The Group of 77 represents developing countries.
“It will be formally agreed tomorrow,” Australian
Environment Minister Ian Campbell told Reuters.
The United States, the world’s biggest emitter of
greenhouse gases, and Australia attend meetings of the
157-member Kyoto pact only as observers. They pulled out,
saying it would be too costly for their economies.
Kyoto is a tiny first step in a drive to brake a warming
most scientists say will lead to wrenching changes such as more
powerful storms, desertification, extinction of species and
rising sea levels.
A draft text of the Kyoto plan seen by Reuters omitted any
timetable for negotiations. Environmentalists and businesses
have called for an end to talks by 2008 to give them time to
plan investments in clean energy like solar or wind power.
NO TIMETABLES
The text said rich nations “shall aim” to agree “as early
as possible and in time to ensure that there is no gap between
the first and second commitment periods.” Kyoto’s first period
demands emissions cuts of 5.2 percent below 1990 levels by
2008-12.
Other delegates said the Kyoto parties would hold off from
formally agreeing to the text in hopes other nations —
including the United States — would agree to a parallel set of
two-year talks on new ways to fight climate change.
But environmentalists said Washington was threatening to
block the launch of any wider discussions, upset by criticism
from Canadian Prime Minister Paul Martin on Thursday. Martin
urged Washington to do more to prevent global warming and
“listen to the conscience of the world.”
“It’s an example of how desperate the Americans are when
they blame the prime minister for their intransigence,” said
Jennifer Morgan, climate expert with the WWF group, an
environalist group.

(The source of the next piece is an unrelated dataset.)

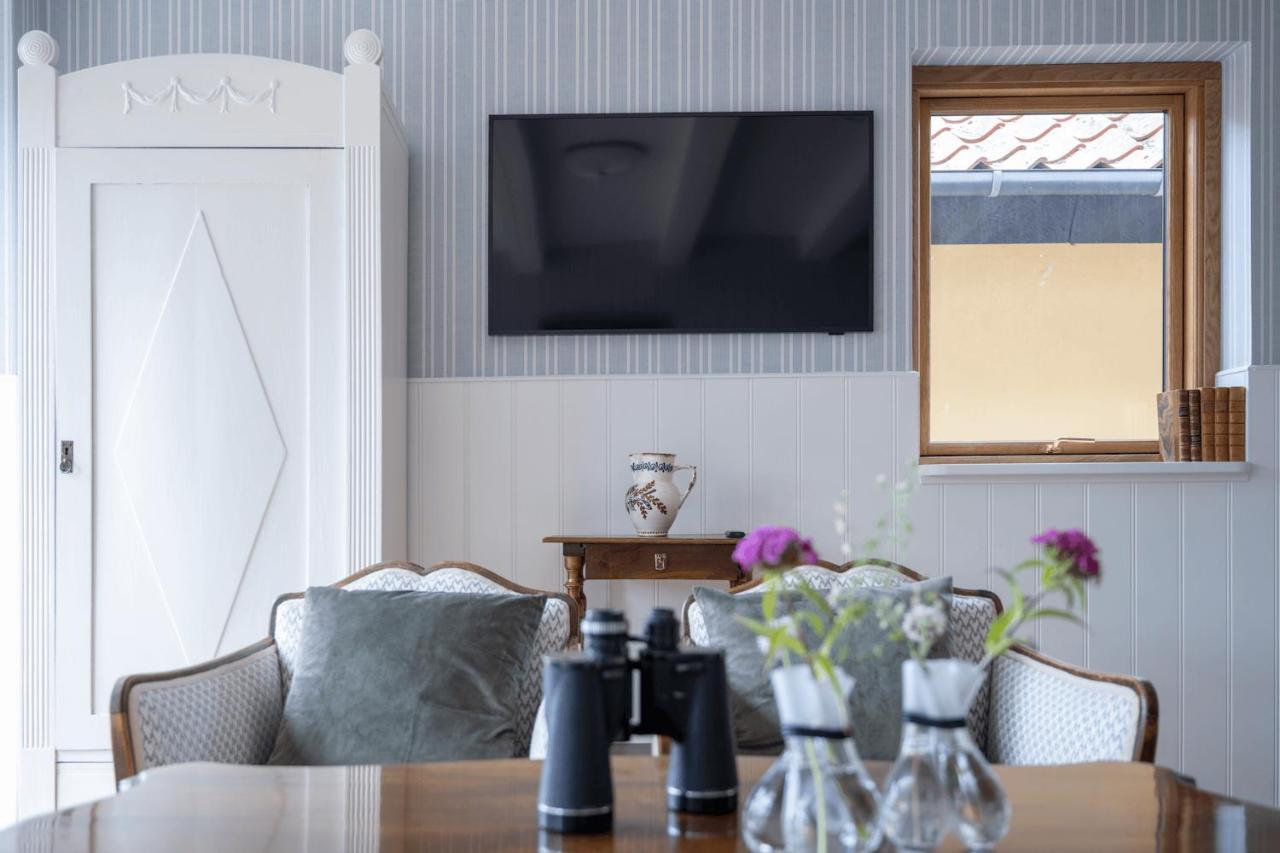 Bådsted Stammershalle Badehotel מראה חיצוני תמונה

U.S. officials were not immediately
available for comment.
U.S. President George W. Bush has denounced Kyoto as an
economic straitjacket and is promoting big investments in new
technologies like hydrogen and a plan to cooperate with China,
India, Japan, Australia and South Korea.
Former U.S. President Bill Clinton, whose administration
negotiated Kyoto in 1997 but never submitted it to a skeptical
Senate for ratification, was scheduled to visit Montreal on
Friday to address environmentalists.
Negotiators earlier agreed to streamline a plan that might
channel $100 billion to projects such as hydropower in Honduras
or wind energy in China to help cut the use of fossil fuels
blamed for warming the planet.
Under the program, rich nations can invest in clean energy
projects, such as generating electricity by burning the waste
from sugar cane in Brazil, and claim credits back home for
reducing world emissions of greenhouse gases.
Under the rules approved to ensure Kyoto compliance, any
country that overshoots its targets will have to make up the
shortfall and an extra 30 percent penalty in the next period.
A group of protesters sang revised versions of hits by the
late former Beatle and peace activist John Lennon on the 25th
anniversary of his murder in New York to urge wider action.
“We all live in a carbon-intensive world,” they chanted to
the tune of the Beatles hit “Yellow Submarine.”